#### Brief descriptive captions

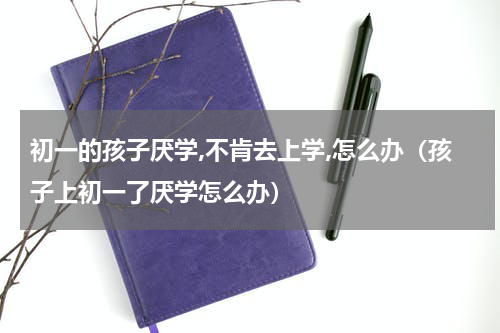 初一的孩子厌学,不肯去上学,怎么办（孩子上初一了厌学怎么办）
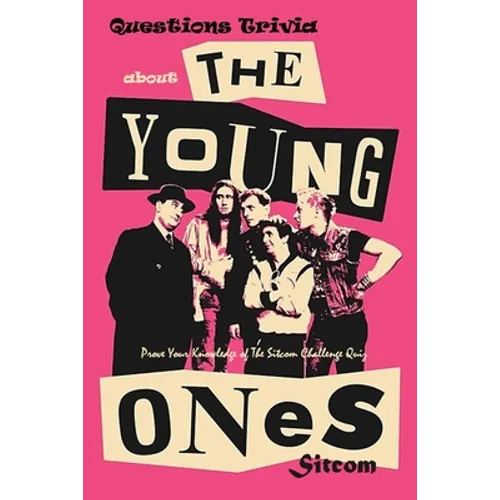 Questions Trivia about The Young Ones Sitcom: Check Out These Facts About The Young Ones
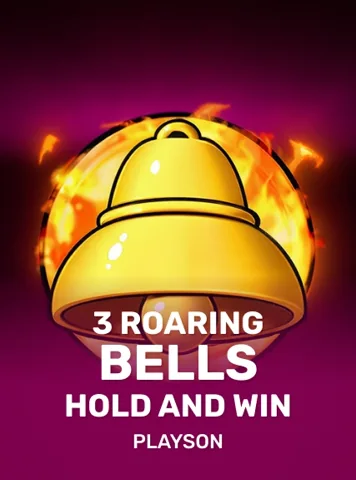3 Roaring Bells: Hold and Win · Playson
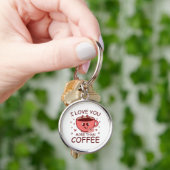 Ich Liebe dir mehr als Kaffee Schlüsselanhänger (Hand)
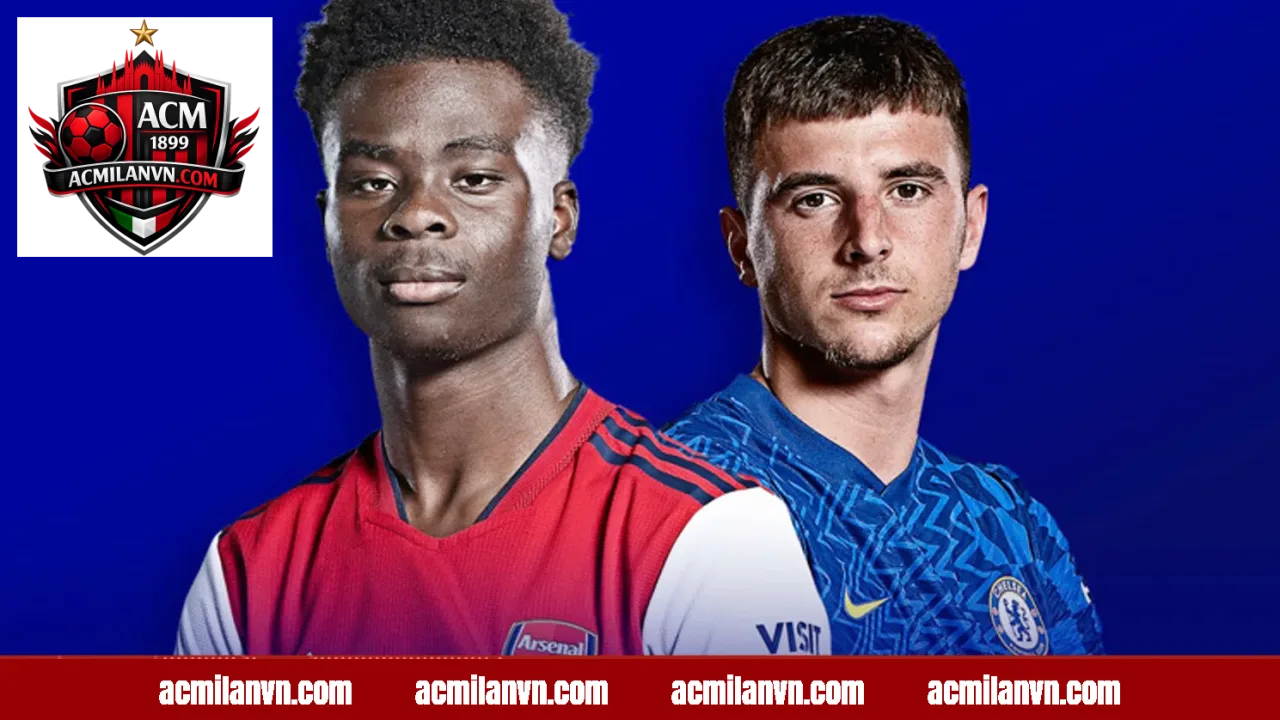 Tác động của kết quả Arsenal vs Chelsea đến cuộc đua vô địch Premier League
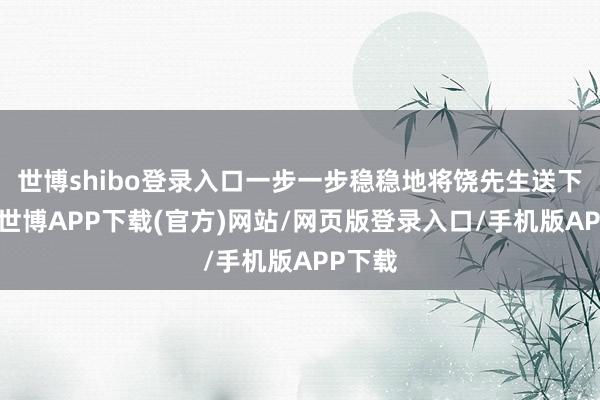 世博shibo登录入口一步一步稳稳地将饶先生送下了山-世博APP下载(官方)网站/网页版登录入口/手机版APP下载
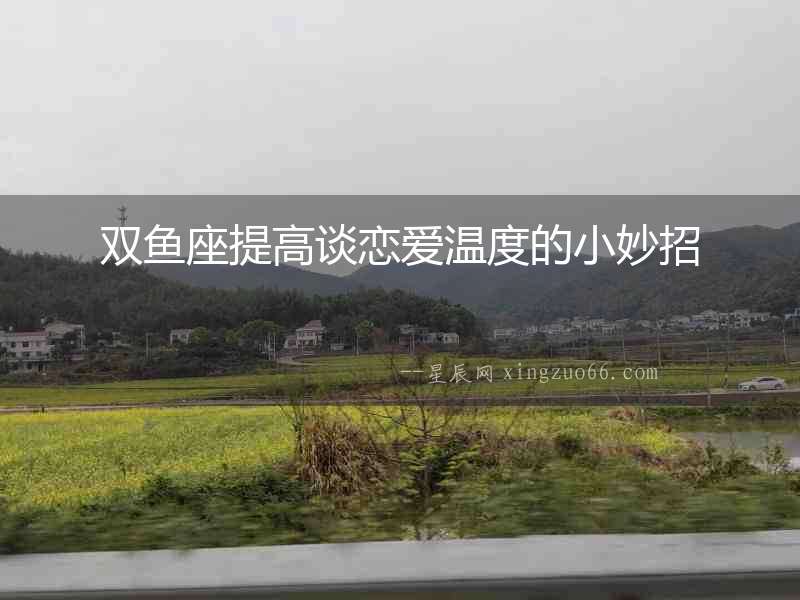 雙魚(yú)座提高談戀愛(ài)溫度的小妙招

#### Task details
Reproduce the lines from the one with "3 Roaring Bells: Hold and Win · Playson" through the end of the data, keeping both end lines, adding nothing, and dropping any pictures.

#### Your solution
3 Roaring Bells: Hold and Win · Playson
 Ich Liebe dir mehr als Kaffee Schlüsselanhänger (Hand)
 Tác động của kết quả Arsenal vs Chelsea đến cuộc đua vô địch Premier League
 世博shibo登录入口一步一步稳稳地将饶先生送下了山-世博APP下载(官方)网站/网页版登录入口/手机版APP下载
 雙魚(yú)座提高談戀愛(ài)溫度的小妙招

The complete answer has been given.